Monday, November 1, 2010

Who Paid For Duceppe's Washington Adventure?

In my piece  Idiot Abroad - Gilles Duceppe in Washington a reader commented;
"For the love of God, please tell me that we, the tax payers, didn't pay for this nonsense." -Anonymous
Err......Sorry. Yes, taxpayers did fit foot the bill.

In fact almost every penny the Bloc Quebecois spends comes directly from taxpayers across the country.
While Quebeckers like to vote for the BQ, they aren't particularly eager to support them financially.

The party manged to raise just a little over $600,000 dollars, a pitiful amount considering that 1.4 million people voted for the party in the last election. In fact, it averages out to just about 44¢ in donation per voter.
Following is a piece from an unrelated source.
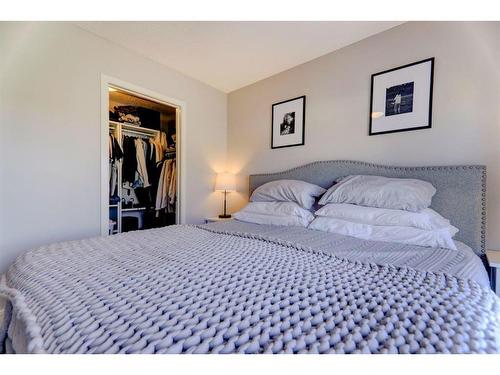 173 New Brighton Walk Se, Calgary, AB - Indoor Photo Showing Bedroom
Compare that to the Conservative party, which received over 5 million votes and collected over $30 million in donations, or about $6 dollars per voter, 15 times more than the Bloc.
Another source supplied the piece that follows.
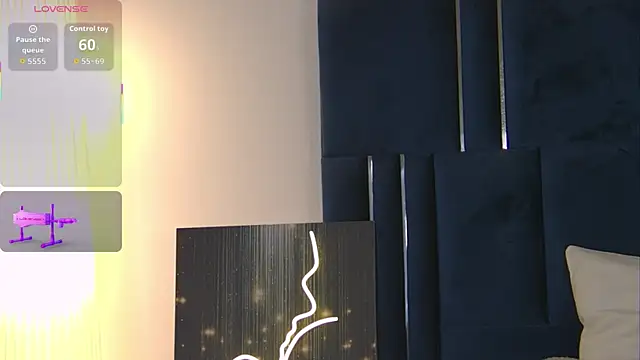 EdithOliviere online show from March 26, 2026, 10:13 am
It's lucky for the Bloc that the federal government subsidizes each political party to the tune of $2 per vote received, otherwise the party would be broke. And so, the Bloc received a direct subsidy to the tune of  $2.75 million, courtesy of Canadian taxpayers.
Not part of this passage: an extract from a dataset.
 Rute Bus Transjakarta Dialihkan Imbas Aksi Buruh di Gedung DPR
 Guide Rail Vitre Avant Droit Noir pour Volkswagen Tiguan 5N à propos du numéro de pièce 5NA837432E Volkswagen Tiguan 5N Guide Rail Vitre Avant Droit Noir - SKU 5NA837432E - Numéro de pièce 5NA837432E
Each of the forty-nine Bloc Quebecois members of Parliament chalked up close to $300,000 in reimbursed office expenses for an additional $15 million dollars in taxpayer generated funds. 

Of course all of this doesn't include free postage or airfare for travel between Ottawa and the members home riding, which is charged to the general House Administration central budget.

The party also benefits from research funds provided by Parliament.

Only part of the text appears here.